• Assigned task
Will you write out all the entries below exactly?

• Source data
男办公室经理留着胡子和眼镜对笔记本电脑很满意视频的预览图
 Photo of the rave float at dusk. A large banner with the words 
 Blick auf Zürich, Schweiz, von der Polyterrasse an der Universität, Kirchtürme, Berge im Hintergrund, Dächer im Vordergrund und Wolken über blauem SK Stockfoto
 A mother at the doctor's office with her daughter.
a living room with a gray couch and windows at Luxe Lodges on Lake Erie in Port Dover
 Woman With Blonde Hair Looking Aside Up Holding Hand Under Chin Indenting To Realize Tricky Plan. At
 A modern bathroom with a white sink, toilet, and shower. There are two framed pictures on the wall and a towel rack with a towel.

• Solved problem
男办公室经理留着胡子和眼镜对笔记本电脑很满意视频的预览图
 Photo of the rave float at dusk. A large banner with the words 
 Blick auf Zürich, Schweiz, von der Polyterrasse an der Universität, Kirchtürme, Berge im Hintergrund, Dächer im Vordergrund und Wolken über blauem SK Stockfoto
 A mother at the doctor's office with her daughter.
a living room with a gray couch and windows at Luxe Lodges on Lake Erie in Port Dover
 Woman With Blonde Hair Looking Aside Up Holding Hand Under Chin Indenting To Realize Tricky Plan. At
 A modern bathroom with a white sink, toilet, and shower. There are two framed pictures on the wall and a towel rack with a towel.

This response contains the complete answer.